# [LISTED ENTRIES]
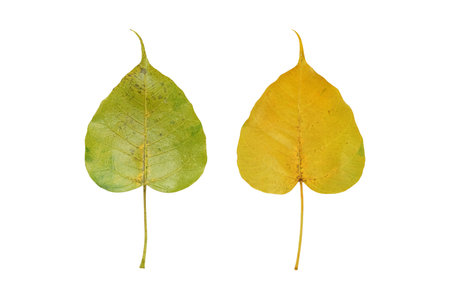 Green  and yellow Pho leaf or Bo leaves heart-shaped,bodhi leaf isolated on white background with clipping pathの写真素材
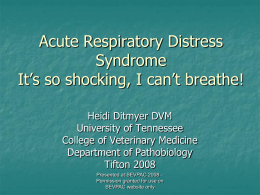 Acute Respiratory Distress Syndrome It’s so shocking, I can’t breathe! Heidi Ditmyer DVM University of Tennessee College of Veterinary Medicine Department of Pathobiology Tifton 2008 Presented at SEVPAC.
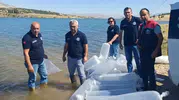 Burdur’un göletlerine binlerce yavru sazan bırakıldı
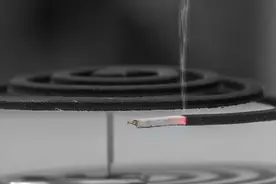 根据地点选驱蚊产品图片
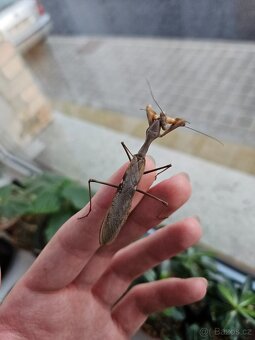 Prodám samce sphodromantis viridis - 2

# [AIM OF THE EXERCISE]
Copy out every line above, word for word, minus images.

# [RESULT OF THE TASK]
 Green  and yellow Pho leaf or Bo leaves heart-shaped,bodhi leaf isolated on white background with clipping pathの写真素材
 Acute Respiratory Distress Syndrome It’s so shocking, I can’t breathe! Heidi Ditmyer DVM University of Tennessee College of Veterinary Medicine Department of Pathobiology Tifton 2008 Presented at SEVPAC.
 Burdur’un göletlerine binlerce yavru sazan bırakıldı
 根据地点选驱蚊产品图片
 Prodám samce sphodromantis viridis - 2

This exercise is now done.